Tomas Saraceno is installing a new work in Barcelona which will be the star attraction of the Torre Glòries, a towering 38-story mirrored building designed by French architect Jean Nouvel in the city’s technology district. The artists’ Cloud Cities Barcelona will be installed on the 30th floor viewing space, known as the Mirador Torre Glòries, which opens to the public on May 20, offering residents and tourists a dramatic new way of seeing the city.
Saraceno’s Cloud Cities series always suspend its viewers in space. By connecting people high up off the ground—whether they are standing on a clear surface or a web-like structure—the artist seeks to defy the ideas that separate us and highlight what brings us together.
Those who step into Cloud Cities Barcelona will see the city reflected on the artwork’s mirrored facets, hanging above them in the dome at the top of the building. The work is made from 113 geometric structures connected by 6 kilometers of cable.
“These are not my quotes but I always remember them from when I was kid, who knows who might have written them?” Saraceno told Artnet News when asked about the inspiration behind the piece. “‘When clouds appear like rocks and towers, the Earth’s refreshed with frequent showers. If spiders break off and remove their webs, the weather will soon be wet.'”
Saraceno’s work has been exhibited at The Shed in New York, Palais de Tokyo, the Metropolitan Museum of Art, New York, the 17th Venice Architecture Biennale and 53rd and 58th Venice Biennales. It has been permanently installed at K21 Kunstsammlung Nordrhein-Westfalen in Düsseldorf.

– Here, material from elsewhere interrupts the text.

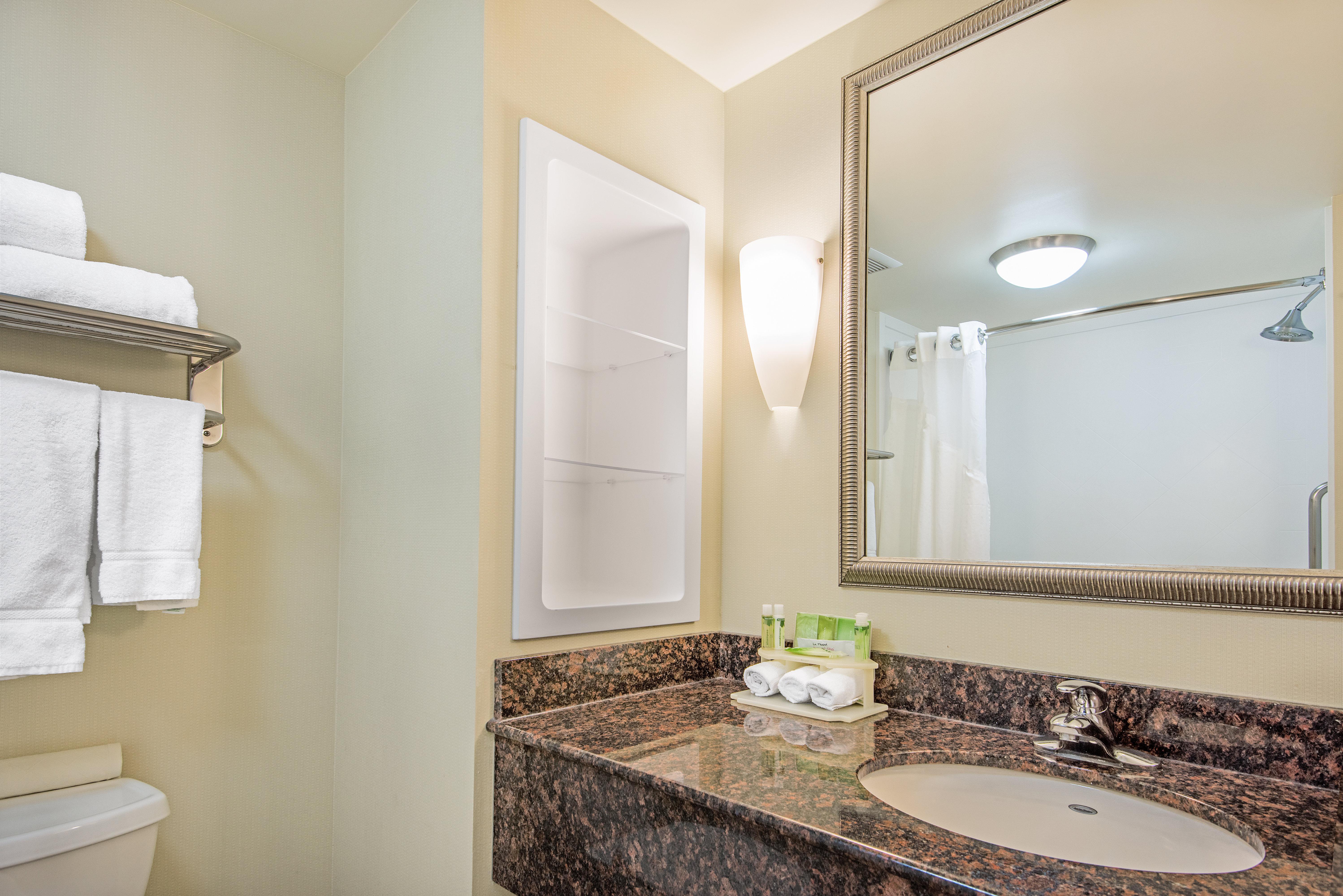 Holiday Inn Express Hotel & Suites Clute-Lake Jackson By Ihg Exterior photo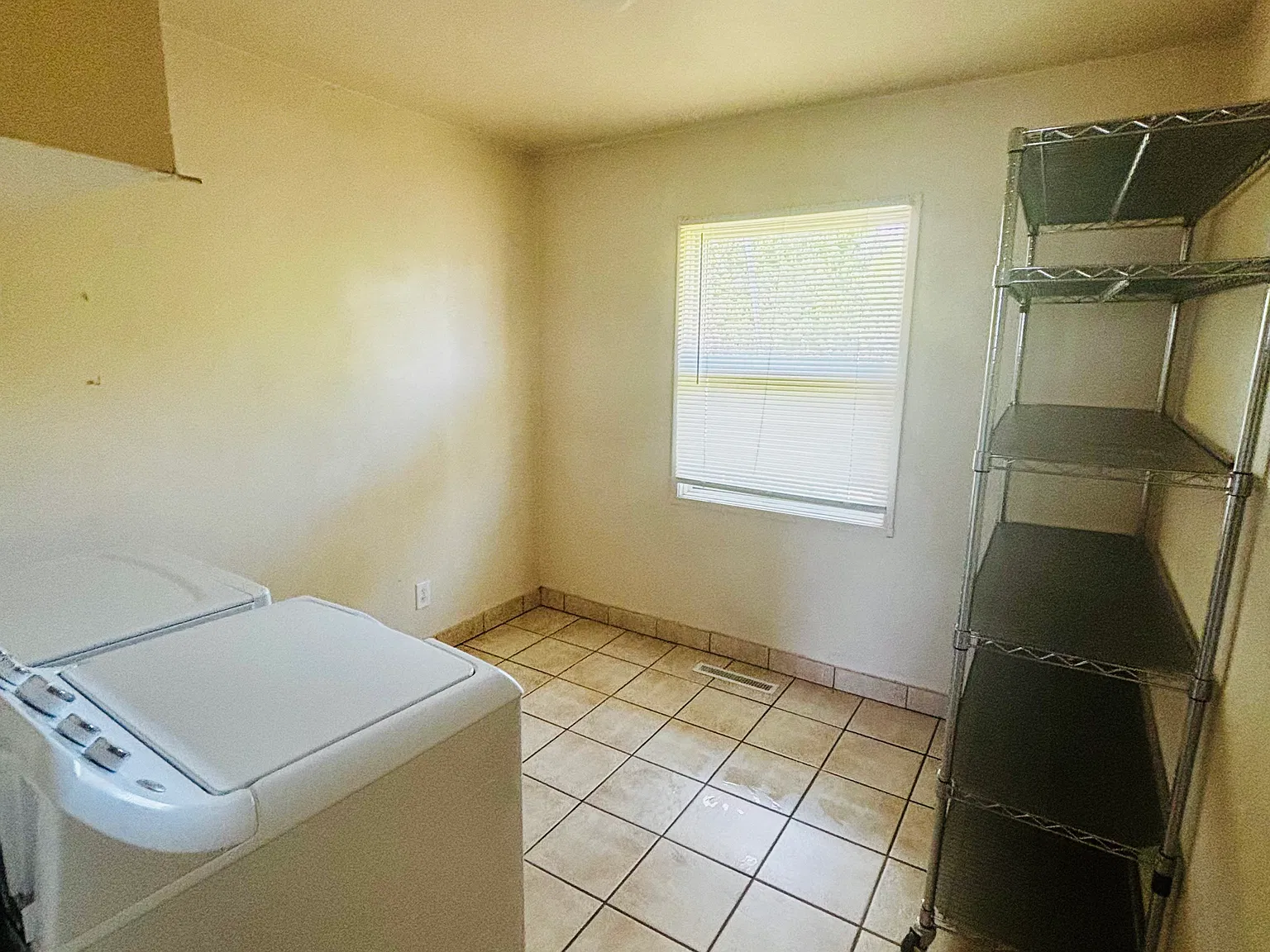 2 bed, 900 sqft, $1,650 — Photo 3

Mirador Torre Glòries is a modern new attraction for Barcelona, adding to its number of architectural landmarks and art museums. The space unites art and science in an experience that includes a traditional observation deck, Cloud Cities and Hyperview Barcelona, an interactive data project that reflects what is happening in the city in a visual display.
The Jean Nouvel tower, originally known as the Torre Agbar when it opened in 2005, was renamed in 2017 when it was purchased by the real estate group Merlin Properties. Resembling Sir Norman Foster’s “Gherkin” tower in London, Nouvel’s rounded, cigar-like building has been given similarly comic nicknames, including the “suppository” and the “dildo.”
“This is not a tower, a skyscraper, in the American sense. It is a more an emergence, rising singularly in the center of a generally calm city,” the architect says on his website. “Unlike slender spires and bell towers that typically pierce the horizons of horizontal cities, this tower is a fluid mass that bursts through the ground like a geyser under permanent, calculated pressure.”